熊は脾にあたり脾胃を鍛えます。良く食べ、たくましい体を持ち、慎重で力強い熊の動きを真似することで、脾胃の働きを助け、食物の消化吸収を促し、丈夫な体格をつくり、また睡眠・精神の安定を高めることができます。

豆類を食べて整える

食事は豆をたくさん食べましょう。特に三伏(さんぷく)の時期は豆を多く摂取することで、脾胃を丈夫にし、湿気を取り除く効果があります。

この時期に適している豆類は、緑豆、白扁豆、小豆、赤飯豆、ハトムギ、えんどう豆、グリーンピース、青豆、黒豆などです。これらの豆は米と一緒にお粥にしたり、肉と煮込んで食べたりすることができます。

慢性病を改善する絶好の季節

「冬病夏治」という言葉があり、三伏の時期は陽気が最も盛んで、患者の陽気を充実させ、抗病力を高めることができます。
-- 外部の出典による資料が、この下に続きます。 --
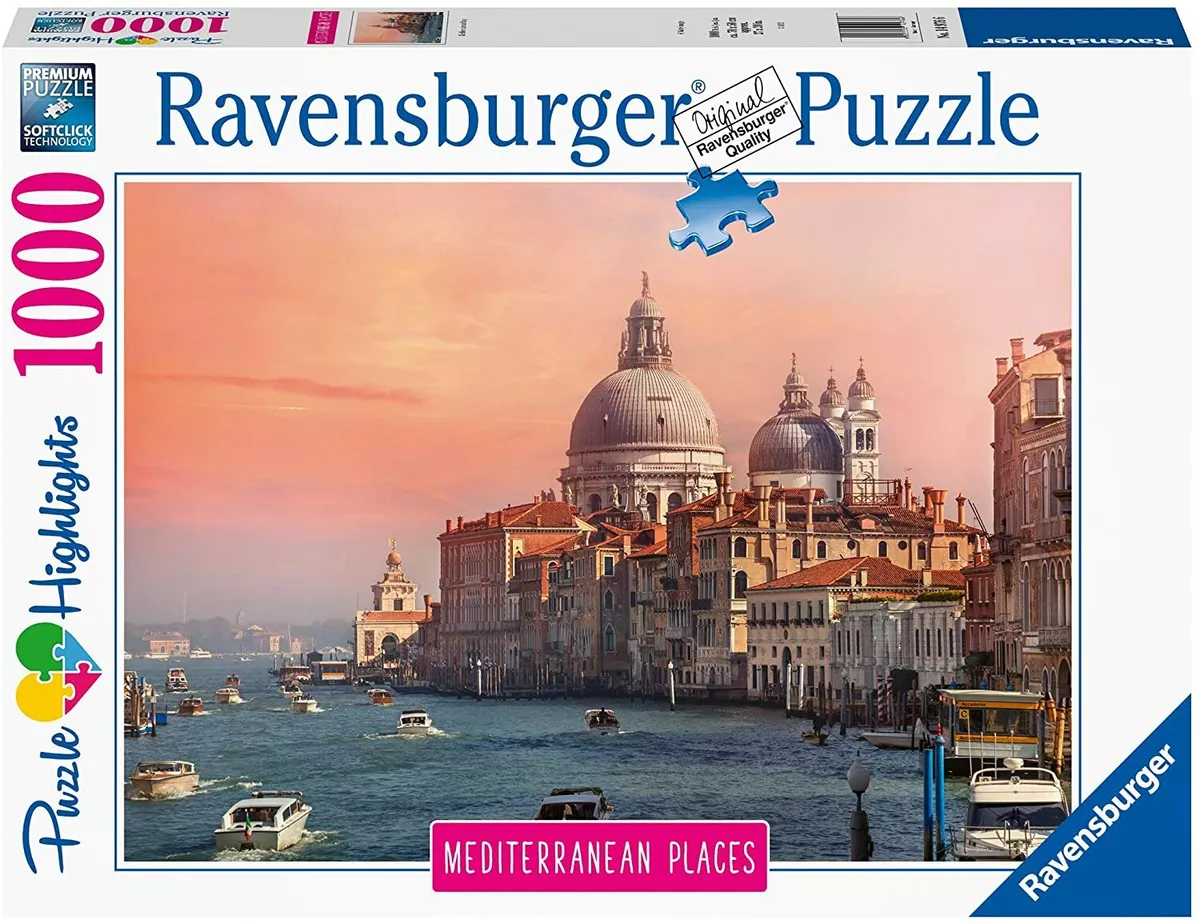 RAVENSBURGER PUZZLE 1000 PEZZI MEDITERRANEAN PLACES ITALY 70X50 CM ART  14976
夏の時期に病気を発症する前に「基本を培う」ことで正気を助けます。人体の正気が旺盛になり、抵抗力が増強されれば、冬になっても病気になりにくくなるか、あるいは発症しなくなります。

陽気不足、肺気虚弱、虚寒による痛み、そして免疫機能低下などの疾病は、すべて春夏の治療が他の季節よりも効果的です。

この記事を書いた人

日本中国伝統功夫研究会の会長。八卦掌と太極拳と華佗五禽戯の講師。中国武術段位5段/HSK6級/中国留学歴6年(北京市・河南省)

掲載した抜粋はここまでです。